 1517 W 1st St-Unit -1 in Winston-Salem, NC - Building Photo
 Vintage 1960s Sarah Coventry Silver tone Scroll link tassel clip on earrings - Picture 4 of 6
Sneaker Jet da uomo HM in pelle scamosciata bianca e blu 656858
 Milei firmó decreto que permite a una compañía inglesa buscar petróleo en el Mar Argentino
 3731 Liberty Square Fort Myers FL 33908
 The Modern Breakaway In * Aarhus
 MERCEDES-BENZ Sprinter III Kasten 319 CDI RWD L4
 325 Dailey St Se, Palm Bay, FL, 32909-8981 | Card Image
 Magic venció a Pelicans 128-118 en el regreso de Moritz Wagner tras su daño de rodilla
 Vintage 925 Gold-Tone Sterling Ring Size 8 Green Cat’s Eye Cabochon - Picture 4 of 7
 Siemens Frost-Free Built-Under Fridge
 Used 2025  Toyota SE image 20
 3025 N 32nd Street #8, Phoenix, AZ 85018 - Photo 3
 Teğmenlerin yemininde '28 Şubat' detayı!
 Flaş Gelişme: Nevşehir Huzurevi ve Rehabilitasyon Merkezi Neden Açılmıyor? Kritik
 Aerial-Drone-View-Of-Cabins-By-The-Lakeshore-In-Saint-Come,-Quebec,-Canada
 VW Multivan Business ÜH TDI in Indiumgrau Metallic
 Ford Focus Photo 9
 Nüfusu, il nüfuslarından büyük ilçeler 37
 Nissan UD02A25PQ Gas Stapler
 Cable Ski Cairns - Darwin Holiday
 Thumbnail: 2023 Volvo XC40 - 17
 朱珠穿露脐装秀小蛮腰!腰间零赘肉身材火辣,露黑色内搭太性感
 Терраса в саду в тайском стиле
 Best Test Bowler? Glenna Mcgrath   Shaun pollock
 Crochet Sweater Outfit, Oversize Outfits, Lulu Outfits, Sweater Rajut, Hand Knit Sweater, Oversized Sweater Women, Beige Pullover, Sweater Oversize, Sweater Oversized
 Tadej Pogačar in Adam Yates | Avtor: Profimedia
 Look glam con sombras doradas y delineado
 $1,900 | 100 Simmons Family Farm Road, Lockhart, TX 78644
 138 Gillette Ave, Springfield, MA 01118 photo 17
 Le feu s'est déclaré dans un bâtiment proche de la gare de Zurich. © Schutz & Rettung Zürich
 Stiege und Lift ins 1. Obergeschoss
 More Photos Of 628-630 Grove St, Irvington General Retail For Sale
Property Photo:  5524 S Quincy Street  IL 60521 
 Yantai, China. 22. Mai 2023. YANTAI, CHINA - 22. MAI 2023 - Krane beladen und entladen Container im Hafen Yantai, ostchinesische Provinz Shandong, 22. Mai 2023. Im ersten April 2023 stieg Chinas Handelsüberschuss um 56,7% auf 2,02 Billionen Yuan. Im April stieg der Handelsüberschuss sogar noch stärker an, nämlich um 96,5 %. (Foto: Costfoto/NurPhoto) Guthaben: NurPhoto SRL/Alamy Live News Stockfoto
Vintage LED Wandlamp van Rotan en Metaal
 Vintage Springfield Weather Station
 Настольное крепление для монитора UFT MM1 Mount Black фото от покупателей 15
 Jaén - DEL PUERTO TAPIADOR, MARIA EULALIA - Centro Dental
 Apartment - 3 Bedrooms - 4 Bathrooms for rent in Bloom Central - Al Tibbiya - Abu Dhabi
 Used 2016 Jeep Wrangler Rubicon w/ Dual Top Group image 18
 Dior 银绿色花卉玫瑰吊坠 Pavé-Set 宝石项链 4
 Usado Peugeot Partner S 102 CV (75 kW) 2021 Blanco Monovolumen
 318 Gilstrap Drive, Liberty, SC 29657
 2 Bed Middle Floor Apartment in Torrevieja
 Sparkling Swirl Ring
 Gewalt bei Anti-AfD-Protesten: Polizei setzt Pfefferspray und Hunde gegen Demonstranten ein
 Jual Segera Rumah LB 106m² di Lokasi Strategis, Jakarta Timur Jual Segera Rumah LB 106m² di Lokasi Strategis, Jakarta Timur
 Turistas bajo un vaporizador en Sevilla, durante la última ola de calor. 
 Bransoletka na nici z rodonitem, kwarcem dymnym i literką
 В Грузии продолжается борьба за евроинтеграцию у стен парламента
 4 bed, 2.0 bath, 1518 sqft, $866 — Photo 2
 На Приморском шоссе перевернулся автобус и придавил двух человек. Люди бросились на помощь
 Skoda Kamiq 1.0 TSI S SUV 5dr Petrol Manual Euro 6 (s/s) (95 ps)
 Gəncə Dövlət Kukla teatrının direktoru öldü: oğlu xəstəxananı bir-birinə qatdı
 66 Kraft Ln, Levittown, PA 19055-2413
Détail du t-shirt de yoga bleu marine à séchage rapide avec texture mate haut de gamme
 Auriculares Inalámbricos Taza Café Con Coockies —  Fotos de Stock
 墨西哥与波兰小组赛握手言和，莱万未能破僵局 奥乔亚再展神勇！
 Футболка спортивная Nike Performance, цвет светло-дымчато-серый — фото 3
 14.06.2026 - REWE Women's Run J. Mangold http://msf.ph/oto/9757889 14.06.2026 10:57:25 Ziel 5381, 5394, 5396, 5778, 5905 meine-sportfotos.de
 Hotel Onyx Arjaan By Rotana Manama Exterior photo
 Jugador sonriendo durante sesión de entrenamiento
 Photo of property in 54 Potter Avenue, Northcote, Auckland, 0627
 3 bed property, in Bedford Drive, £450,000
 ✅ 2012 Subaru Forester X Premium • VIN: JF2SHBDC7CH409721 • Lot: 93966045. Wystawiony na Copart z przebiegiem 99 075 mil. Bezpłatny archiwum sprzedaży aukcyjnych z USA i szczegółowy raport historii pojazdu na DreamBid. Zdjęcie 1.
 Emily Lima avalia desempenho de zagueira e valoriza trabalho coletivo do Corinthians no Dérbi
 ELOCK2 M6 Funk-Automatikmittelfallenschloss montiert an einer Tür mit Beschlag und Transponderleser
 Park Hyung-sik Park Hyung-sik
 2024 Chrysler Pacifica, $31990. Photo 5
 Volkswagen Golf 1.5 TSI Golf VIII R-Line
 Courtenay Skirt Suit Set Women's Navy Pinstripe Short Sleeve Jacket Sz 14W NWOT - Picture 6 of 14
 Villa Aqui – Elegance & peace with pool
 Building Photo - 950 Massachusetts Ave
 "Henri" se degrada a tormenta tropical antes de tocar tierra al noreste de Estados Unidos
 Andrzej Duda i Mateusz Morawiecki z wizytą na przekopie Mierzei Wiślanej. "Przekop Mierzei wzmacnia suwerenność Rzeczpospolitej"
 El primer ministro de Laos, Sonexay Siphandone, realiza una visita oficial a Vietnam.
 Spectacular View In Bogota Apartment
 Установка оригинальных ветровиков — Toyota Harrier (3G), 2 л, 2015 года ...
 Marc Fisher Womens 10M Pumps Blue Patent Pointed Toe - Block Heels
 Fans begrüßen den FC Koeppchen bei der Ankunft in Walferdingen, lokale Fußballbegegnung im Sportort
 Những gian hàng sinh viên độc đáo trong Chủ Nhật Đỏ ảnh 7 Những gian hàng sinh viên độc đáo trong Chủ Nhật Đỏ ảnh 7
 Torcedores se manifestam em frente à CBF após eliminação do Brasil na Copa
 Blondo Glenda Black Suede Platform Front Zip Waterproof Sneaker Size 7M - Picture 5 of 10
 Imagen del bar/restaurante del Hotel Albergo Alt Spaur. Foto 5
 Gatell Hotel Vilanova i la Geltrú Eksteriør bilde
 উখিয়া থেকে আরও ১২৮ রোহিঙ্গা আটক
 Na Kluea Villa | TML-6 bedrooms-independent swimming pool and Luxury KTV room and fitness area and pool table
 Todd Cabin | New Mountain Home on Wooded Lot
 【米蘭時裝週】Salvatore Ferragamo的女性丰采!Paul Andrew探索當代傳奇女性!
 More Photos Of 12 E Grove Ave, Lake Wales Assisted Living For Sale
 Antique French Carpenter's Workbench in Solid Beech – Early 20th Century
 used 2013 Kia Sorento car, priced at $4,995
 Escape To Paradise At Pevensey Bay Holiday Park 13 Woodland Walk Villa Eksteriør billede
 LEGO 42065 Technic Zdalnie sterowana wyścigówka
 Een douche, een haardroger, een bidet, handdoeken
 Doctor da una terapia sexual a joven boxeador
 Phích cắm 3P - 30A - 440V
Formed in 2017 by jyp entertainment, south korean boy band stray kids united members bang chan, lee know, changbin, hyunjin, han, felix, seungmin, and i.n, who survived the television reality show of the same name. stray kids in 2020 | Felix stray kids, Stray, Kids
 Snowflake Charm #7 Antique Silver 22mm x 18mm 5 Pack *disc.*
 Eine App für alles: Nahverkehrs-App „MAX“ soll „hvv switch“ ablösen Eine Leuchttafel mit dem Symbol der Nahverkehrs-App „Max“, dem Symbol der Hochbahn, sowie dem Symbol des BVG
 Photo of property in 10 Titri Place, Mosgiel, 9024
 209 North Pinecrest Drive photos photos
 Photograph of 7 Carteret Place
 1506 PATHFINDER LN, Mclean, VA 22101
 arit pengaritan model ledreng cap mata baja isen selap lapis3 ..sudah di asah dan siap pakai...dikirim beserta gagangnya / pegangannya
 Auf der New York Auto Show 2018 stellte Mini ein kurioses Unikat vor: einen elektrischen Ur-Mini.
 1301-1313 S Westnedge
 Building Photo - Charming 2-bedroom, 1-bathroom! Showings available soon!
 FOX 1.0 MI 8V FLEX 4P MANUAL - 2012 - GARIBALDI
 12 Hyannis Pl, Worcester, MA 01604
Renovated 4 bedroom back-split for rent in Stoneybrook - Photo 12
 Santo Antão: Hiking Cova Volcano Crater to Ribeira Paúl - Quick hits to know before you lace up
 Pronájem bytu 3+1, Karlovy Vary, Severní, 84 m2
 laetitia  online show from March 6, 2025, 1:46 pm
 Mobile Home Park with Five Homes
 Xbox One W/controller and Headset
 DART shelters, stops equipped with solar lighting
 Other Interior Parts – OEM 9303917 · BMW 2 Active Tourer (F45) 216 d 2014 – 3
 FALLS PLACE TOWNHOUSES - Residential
_ _ _
- **What to do**
Leaving out every line before the one with "Photograph of 7 Carteret Place", print the rest of the listing above exactly, through its final line.

- **Response area**
 Photograph of 7 Carteret Place
 1506 PATHFINDER LN, Mclean, VA 22101
 arit pengaritan model ledreng cap mata baja isen selap lapis3 ..sudah di asah dan siap pakai...dikirim beserta gagangnya / pegangannya
 Auf der New York Auto Show 2018 stellte Mini ein kurioses Unikat vor: einen elektrischen Ur-Mini.
 1301-1313 S Westnedge
 Building Photo - Charming 2-bedroom, 1-bathroom! Showings available soon!
 FOX 1.0 MI 8V FLEX 4P MANUAL - 2012 - GARIBALDI
 12 Hyannis Pl, Worcester, MA 01604
Renovated 4 bedroom back-split for rent in Stoneybrook - Photo 12
 Santo Antão: Hiking Cova Volcano Crater to Ribeira Paúl - Quick hits to know before you lace up
 Pronájem bytu 3+1, Karlovy Vary, Severní, 84 m2
 laetitia  online show from March 6, 2025, 1:46 pm
 Mobile Home Park with Five Homes
 Xbox One W/controller and Headset
 DART shelters, stops equipped with solar lighting
 Other Interior Parts – OEM 9303917 · BMW 2 Active Tourer (F45) 216 d 2014 – 3
 FALLS PLACE TOWNHOUSES - Residential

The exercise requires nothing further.